それに加えて個人的に特に楽しんだのは、この映画の色。近年の映画は映画の色彩がドキュメンタリータッチの冷たい色使いか、ポストプロダクションの過剰な(簡単に言えばケバイ)ものばかりで、画面自体の配色にはっとする、というような事が少なくなってしまった。この映画では黄金時代のクラシック映画が持っていたようなカラフルな色彩を堪能する事が出来る。

数年前のアカデミー賞受賞作、「アーティスト」も過去のハリウッドへのオマージュだったが、クラシック映画への愛情が非常に表面的で、当時の雰囲気をなぞりたいだけというような映画だった。それに比べてこの映画は単なる「再現」ではなく、様々なアイデアを散りばめながら、古いものを現代的な新しい感覚へとちゃんと昇華出来ていると思う。
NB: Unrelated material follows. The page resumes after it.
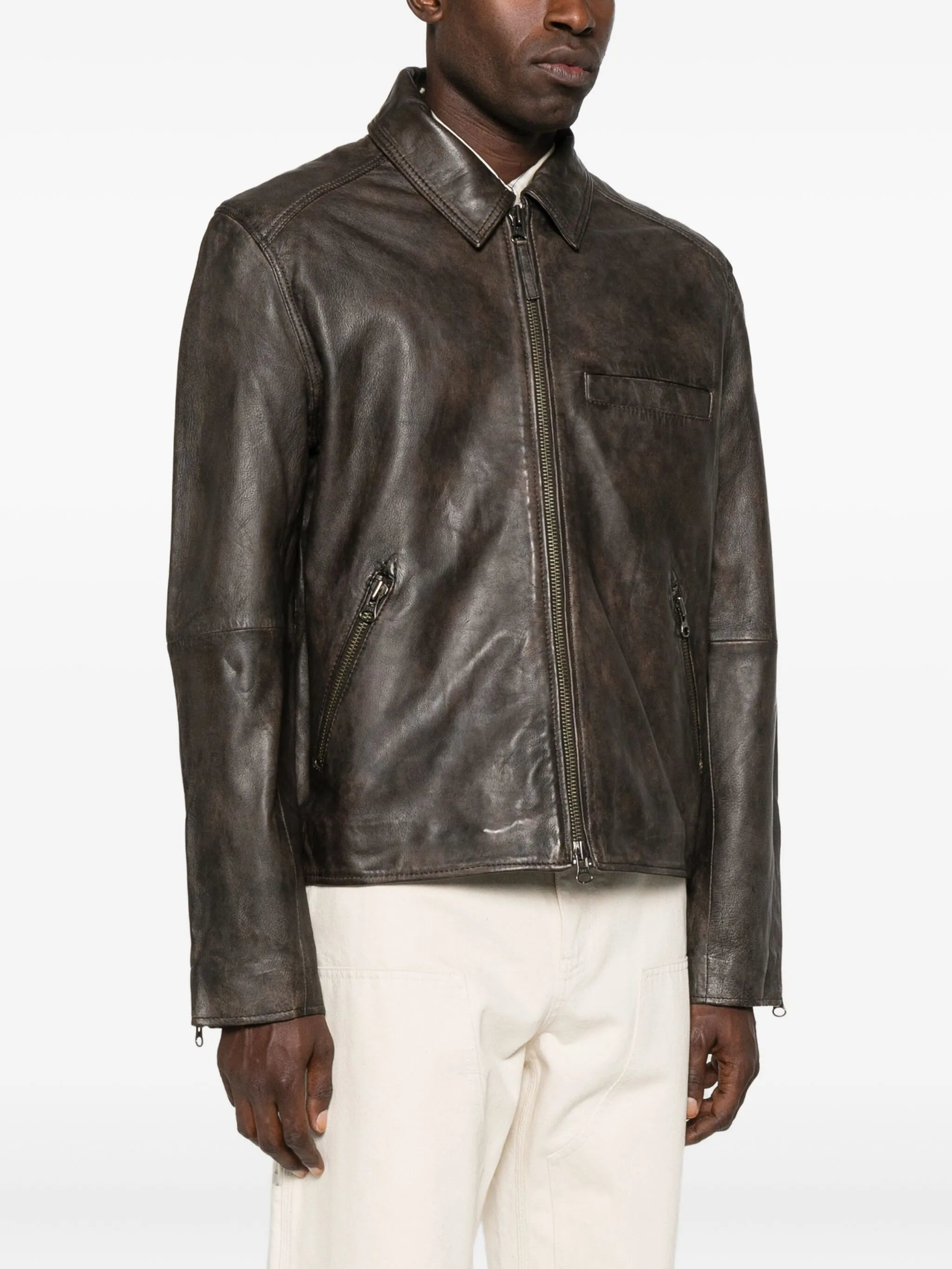 Samsoe Samsoe Sacliff X Zip-front Leather Jacket - 5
二人の物語が四季になっているために、けんかの場面が急な印象(ケンカがエスカレートする過程に無理がある。)になってしまっている点や、肝心のジャズ音楽が何回も繰り返される2曲を除いては、それほど印象に残らない所など気になる箇所も無くはない。

それでも、映画全体としてはすごく堪能したし、「映画は政治的でなければならない」「政治的な映画の方が偉い」というような最近の映画のあり方にうんざりしている自分としては、こういう映画にがんばってほしいと思う。

メッセージがない?そうではなくて、「映画が好き」、「音楽が好き」。芸術への情熱、それ自体が、この映画のメッセージだと思う。